Excellent point from Kevin Drum on the Social Security COLA issue:
Still, this does go to show the power that sustained inflation holds on our imaginations. Technical arguments about CPI calculations aside, the fact is that seniors haven’t gotten a benefit increase for decades. It’s just not the way the program works. But the fact that their checks keep going up makes it seem like they have. So now, despite the fact that the huge benefit increase of last January combined with the deflation of the past 12 months means seniors really are getting higher benefits for the first time in recent memory, it doesn’t seem like it. So adjustments must be made and appearances kept up.
It is quite striking, the one year congress will intervene to give seniors a real increase in benefits is the year in which they were getting a real increase anyway. At any rate, the one-off bonus is pretty silly but even Tyler Cowen agrees that on net it’s probably fine public policy.
This is a reminder, however, that technical determinations about the inflation rate play a large role in budgetary issues. There are any number of ways of calculating the inflation rate, and even though people sometimes debate them as being better or worse, I think if you examine the issue for a little while you’ll swiftly reach the conclusion that there’s no such thing as a “true” inflation rate that different formulae are doing a better or worse job of calculating. From a hedonic point of view, relative price shifts inherently impact different individuals differently. What you really have is a range of credible approaches that make the inflation rate look higher or lower. And you can alter the long-run budget situation by switching various programs from one formula to another.

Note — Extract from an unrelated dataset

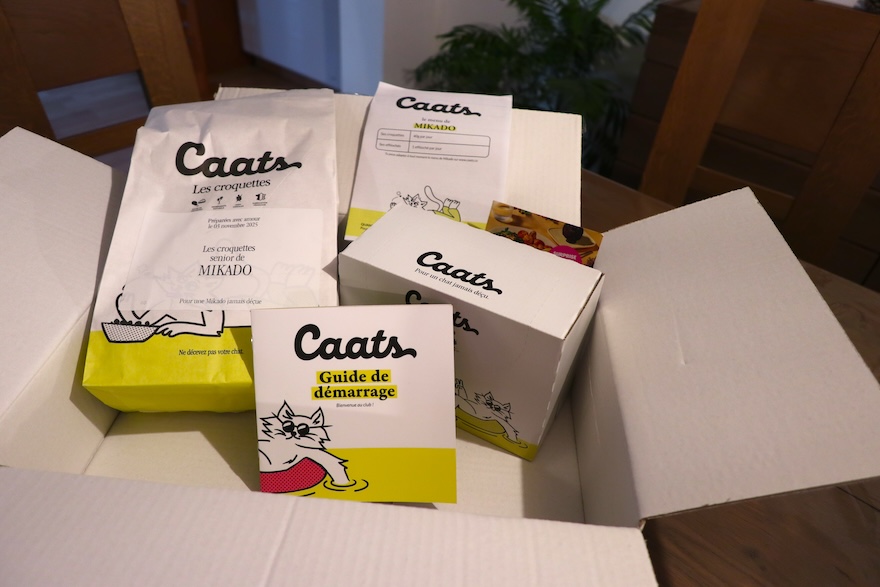 avis croquettes caats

In recent years the most common proposal along these lines has tended to come from the right. You could start indexing the Social Security COLAs to a formula that shows a lower inflation rate (by accounting for substitutions—if the price of pork skyrockets but the price of chicken stays flat, most people just eat more chicken they don’t see skyrocketing food costs) and this would reduce Social Security expenditures. At the same time, Social Security benefits aren’t the only thing the federal government does that’s indexed to inflation. The cut-off points for the income tax brackets are also inflation adjusted. Before Ronald Reagan, that didn’t use to be the case. Consequently, there was a strong tendency for real tax rates to just go up over time. That allowed congress to regularly appropriate nominal tax cuts even while, objectively speaking, public revenue was growing. Since people are easily confused by inflation that was a boon to progressive policy. Congress changed that in the early 1980s. But if we shifted the tax indexing to one of the versions of the CPI that shows a lower inflation rate—for example, the aggressive C-CPI-U formula—we’d recapture some of that dynamic.